> [About this exercise]
Without including any picture, write out the entries exactly as they stand.

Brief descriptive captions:
****************************************

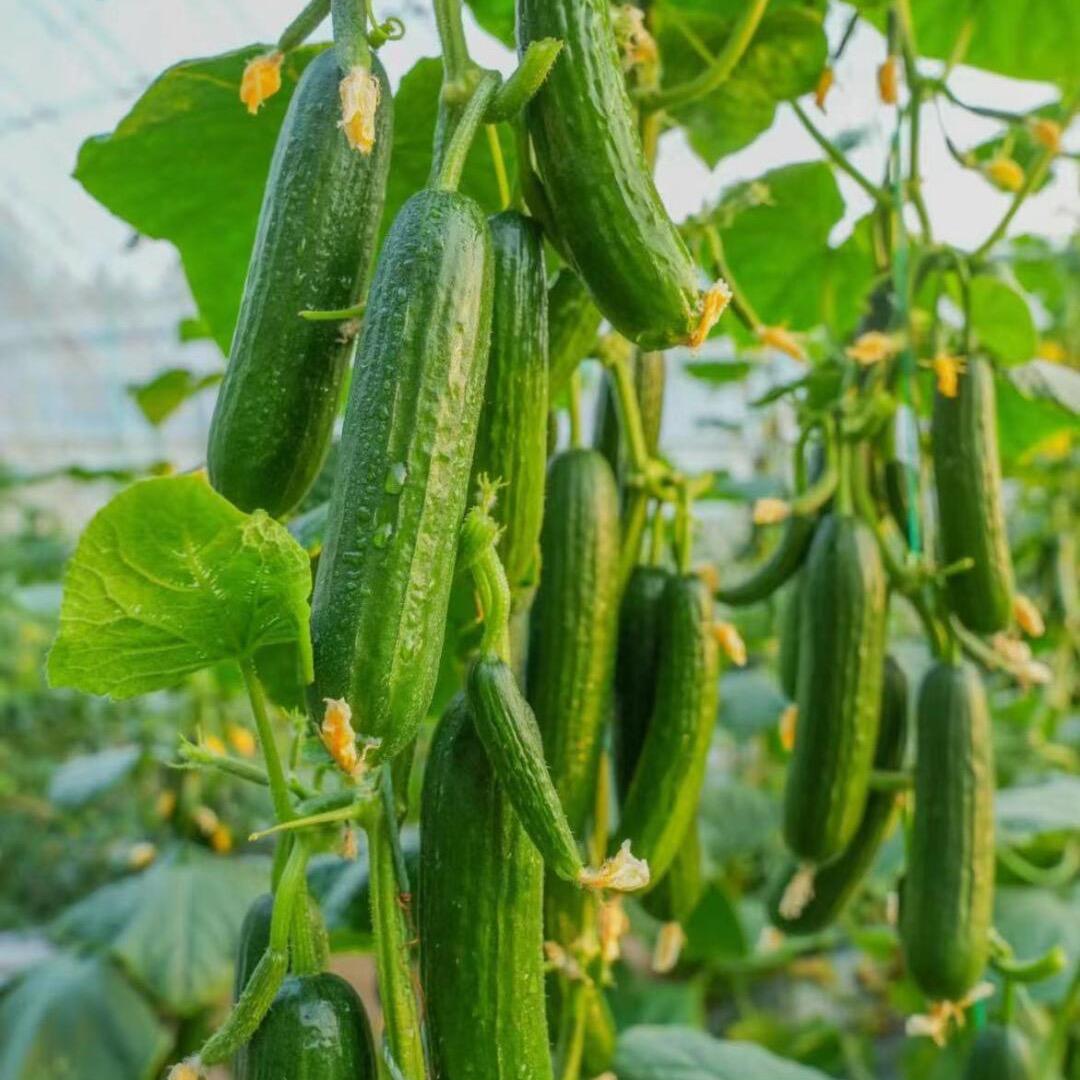 李老师说黄瓜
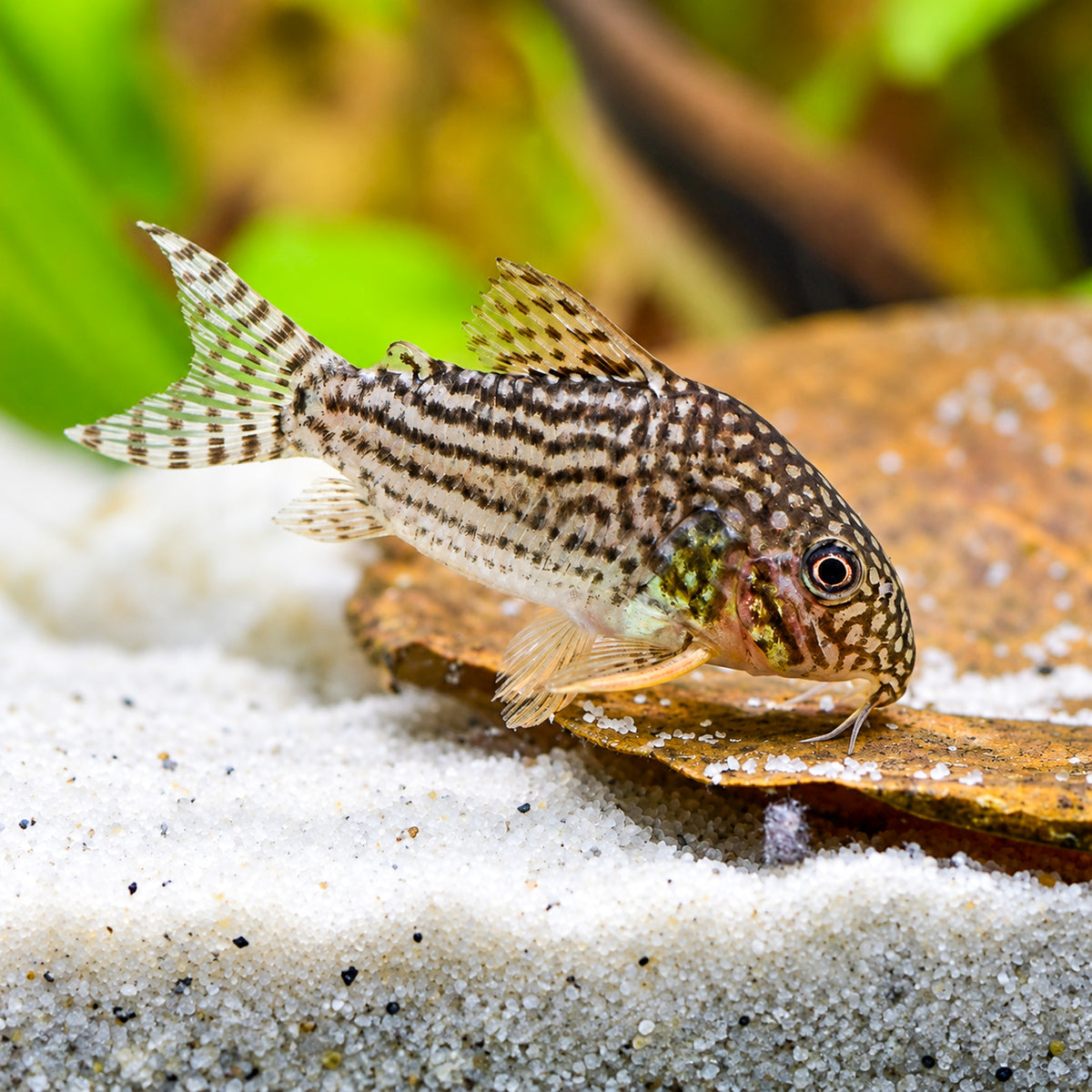 Sterbai Cory Catfish – Corydoras Sterbai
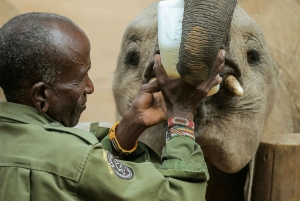 3-dniowe safari w Rezerwacie Narodowym Samburu z Nairobi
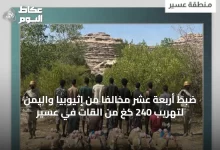 ضبط-أربعة-عشر-مخالفًا-من-إثيوبيا-واليمن-لتهريب-240-كغ-من-القات-في-عسير
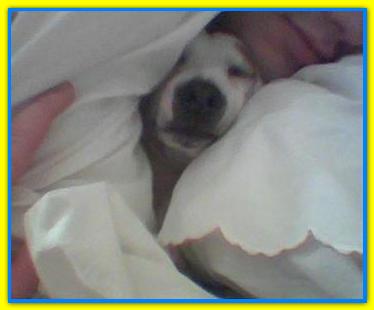 JJ, Jack Russell Terriers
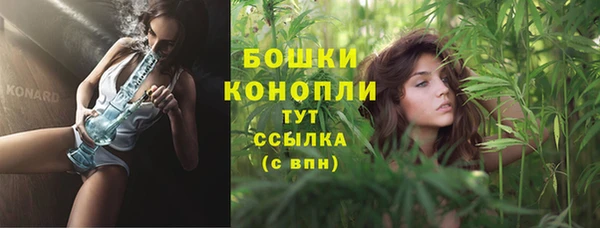 PSILOCYBIN Кодинск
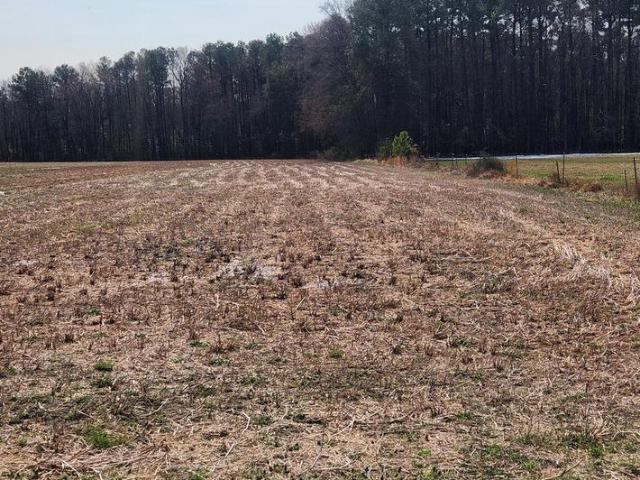 Land for sale in Delaware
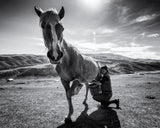 Horse milk Poster och Canvastavla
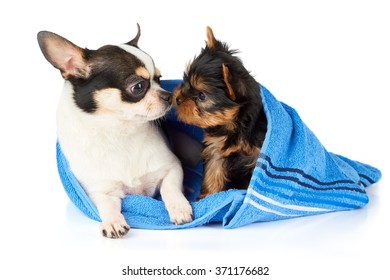 Chihuahua And Yorkshire Terrier Puppy In Blue Towel Sniff Each Other                       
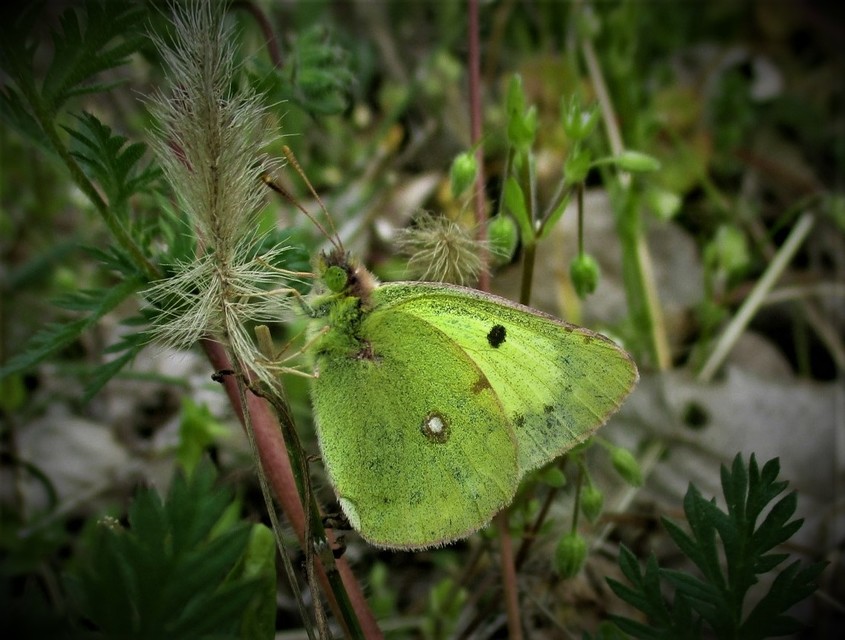 Colias erate - csángó-kéneslepke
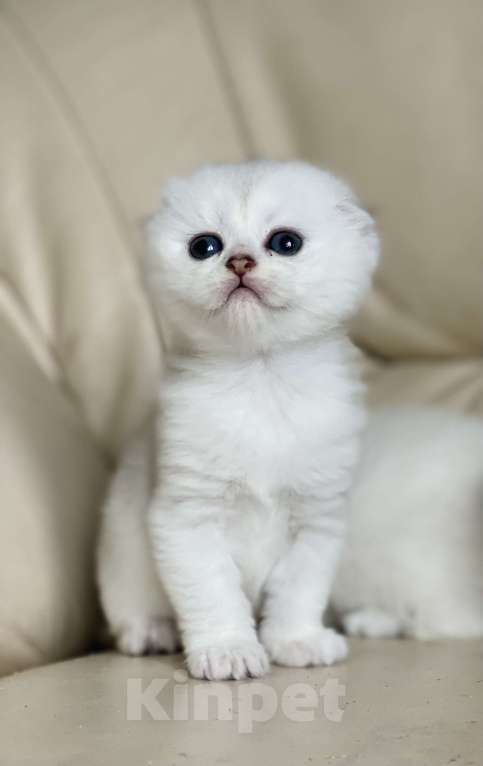 Кошки в Нижнем Новгороде: Серебристые котята с документами  Мальчик, 15 000 руб. - фото 3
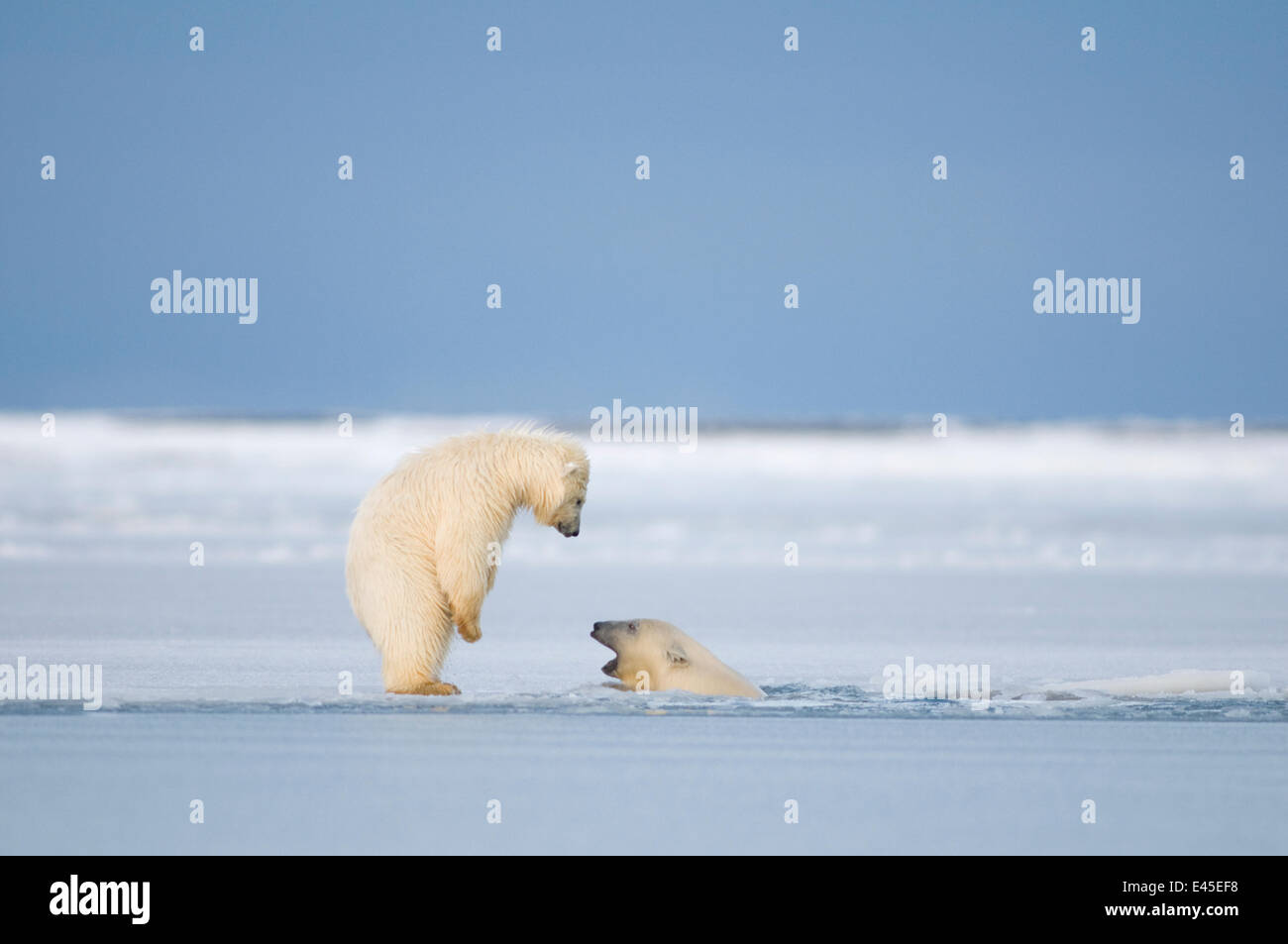 Zwei Eisbären (Ursus Maritimus) Frühling Jungen spielen in und um neu bilden Packeis entlang der arktischen Küste, 1002 Bereich der Arctic National Wildlife Refuge, Beaufortsee, Alaska, Herbst, Oktober 2008 Stockfoto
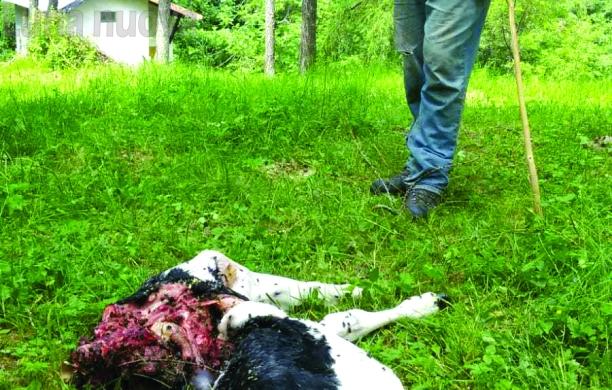 I lupi attaccano la mandria, sbranato il vitello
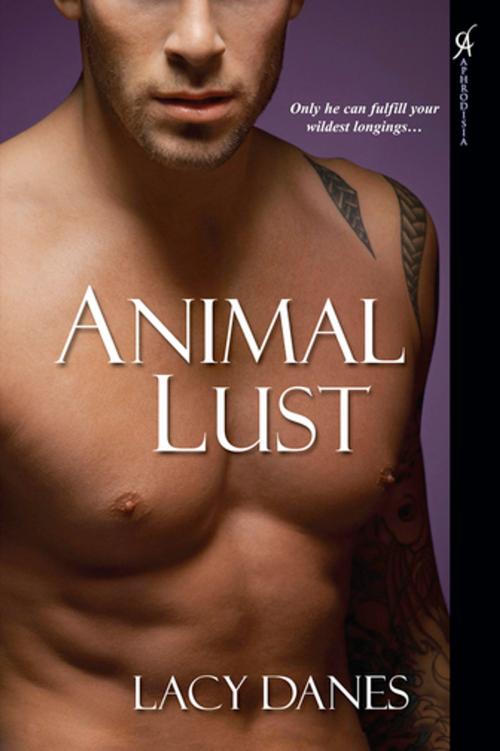 Cover of the book Animal Lust by Lacy Danes, Kensington Books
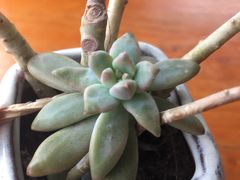-远山有窑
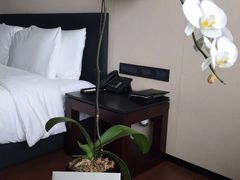 -上海璞麗酒店
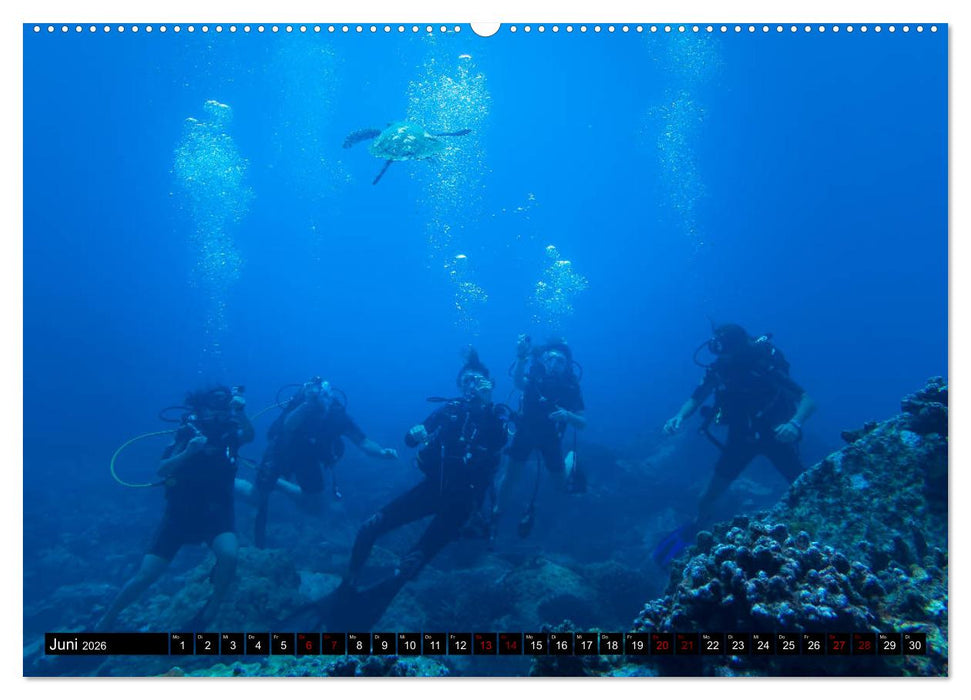 Tauchen auf den Sychellen (CALVENDO Premium Wandkalender 2026)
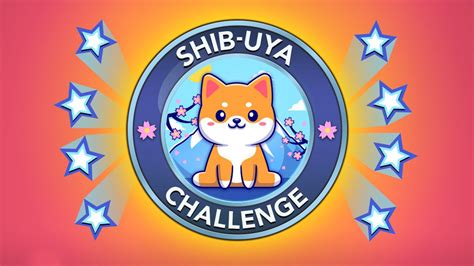 How to Complete The Shib.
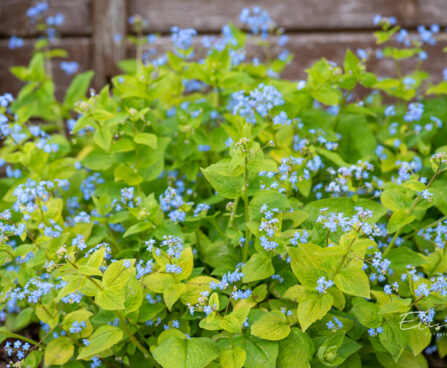 2315_11084_Brunnera_macrophylla_Green_Gold__suureleheline_brunnera.jpg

****************************************

> [Solution below]
 李老师说黄瓜
 Sterbai Cory Catfish – Corydoras Sterbai
 3-dniowe safari w Rezerwacie Narodowym Samburu z Nairobi
 ضبط-أربعة-عشر-مخالفًا-من-إثيوبيا-واليمن-لتهريب-240-كغ-من-القات-في-عسير
 JJ, Jack Russell Terriers
 PSILOCYBIN Кодинск
 Land for sale in Delaware
 Horse milk Poster och Canvastavla
 Chihuahua And Yorkshire Terrier Puppy In Blue Towel Sniff Each Other                       
 Colias erate - csángó-kéneslepke
 Кошки в Нижнем Новгороде: Серебристые котята с документами  Мальчик, 15 000 руб. - фото 3
 Zwei Eisbären (Ursus Maritimus) Frühling Jungen spielen in und um neu bilden Packeis entlang der arktischen Küste, 1002 Bereich der Arctic National Wildlife Refuge, Beaufortsee, Alaska, Herbst, Oktober 2008 Stockfoto
 I lupi attaccano la mandria, sbranato il vitello
 Cover of the book Animal Lust by Lacy Danes, Kensington Books
-远山有窑
 -上海璞麗酒店
 Tauchen auf den Sychellen (CALVENDO Premium Wandkalender 2026)
 How to Complete The Shib.
 2315_11084_Brunnera_macrophylla_Green_Gold__suureleheline_brunnera.jpg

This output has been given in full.